Dans ce conflit qui se joue à huis clos depuis dix jours au Mali, les organisations humanitaires n’ont pas accès aux zones de combats qui se déroulent à plusieurs centaines de kilomètres au nord de Bamako. Seules informations dont elles disposent : les témoignages de réfugiés maliens, qui relatent notamment des exactions et des enrôlements d’enfants soldats. Le porte-parole du Haut Commissariat aux réfugiés des Nations unies (HCR), William Spindler, revient sur la situation et le témoignage des réfugiés maliens.
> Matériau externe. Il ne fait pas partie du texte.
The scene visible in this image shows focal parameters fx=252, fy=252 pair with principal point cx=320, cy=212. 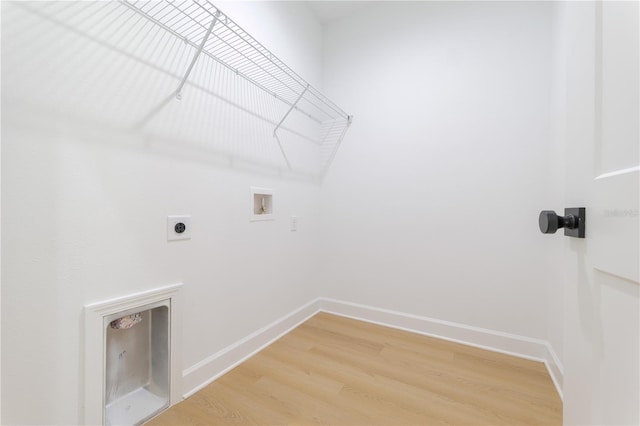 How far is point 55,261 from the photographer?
0.85 metres

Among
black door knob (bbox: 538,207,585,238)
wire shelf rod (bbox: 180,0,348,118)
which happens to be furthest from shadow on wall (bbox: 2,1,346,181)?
black door knob (bbox: 538,207,585,238)

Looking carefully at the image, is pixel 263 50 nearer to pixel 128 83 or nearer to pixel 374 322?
pixel 128 83

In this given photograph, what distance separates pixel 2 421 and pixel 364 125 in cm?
236

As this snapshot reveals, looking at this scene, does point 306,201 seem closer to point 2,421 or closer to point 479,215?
point 479,215

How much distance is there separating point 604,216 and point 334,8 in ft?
8.09

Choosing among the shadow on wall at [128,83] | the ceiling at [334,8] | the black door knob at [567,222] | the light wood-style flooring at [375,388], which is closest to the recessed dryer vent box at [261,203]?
the shadow on wall at [128,83]

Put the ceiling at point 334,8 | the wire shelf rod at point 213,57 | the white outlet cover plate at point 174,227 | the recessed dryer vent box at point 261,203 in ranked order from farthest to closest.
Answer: the ceiling at point 334,8, the recessed dryer vent box at point 261,203, the white outlet cover plate at point 174,227, the wire shelf rod at point 213,57

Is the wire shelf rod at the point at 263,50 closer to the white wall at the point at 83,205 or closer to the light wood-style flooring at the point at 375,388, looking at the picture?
the white wall at the point at 83,205

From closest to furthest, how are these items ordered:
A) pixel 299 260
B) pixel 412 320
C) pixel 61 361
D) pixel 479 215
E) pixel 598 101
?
pixel 598 101 → pixel 61 361 → pixel 479 215 → pixel 412 320 → pixel 299 260

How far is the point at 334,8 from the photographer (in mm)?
2154

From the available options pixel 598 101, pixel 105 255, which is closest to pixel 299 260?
pixel 105 255

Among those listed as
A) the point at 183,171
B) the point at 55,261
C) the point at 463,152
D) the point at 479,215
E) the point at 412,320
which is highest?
the point at 463,152

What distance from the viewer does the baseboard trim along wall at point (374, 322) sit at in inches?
52.3

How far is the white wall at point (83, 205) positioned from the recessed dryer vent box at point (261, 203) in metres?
0.16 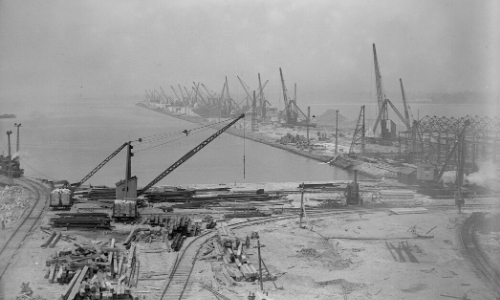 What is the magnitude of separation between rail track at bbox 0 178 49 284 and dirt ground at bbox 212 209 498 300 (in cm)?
390

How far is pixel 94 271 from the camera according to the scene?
320 inches

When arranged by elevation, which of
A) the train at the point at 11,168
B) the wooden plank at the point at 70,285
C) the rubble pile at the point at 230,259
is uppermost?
the train at the point at 11,168

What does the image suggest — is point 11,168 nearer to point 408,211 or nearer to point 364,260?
point 408,211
France 24. Constatez-vous une hausse du nombre de réfugiés depuis le début du déploiement de l’armée française au Mali ? 
William Spindler. Les combats, qui ont débuté le 10 janvier, ont clairement précipité le départ de centaines de Maliens. Depuis une semaine, on a recensé 2 744 réfugiés dans les pays voisins, dont 1411 en Mauritanie, 848 au Burkina Faso et 485 au Niger. Au total, depuis l’offensive des djihadistes qui ont pris le contrôle du nord du Mali, on estime le nombre de réfugiés à 147 000, dont 55 000 en Mauritanie, 39 000 au Burkina Faso, 53 000 au Niger et 1 500 en Algérie. On craint dans un futur proche qu’il y ait 400 000 réfugiés supplémentaires.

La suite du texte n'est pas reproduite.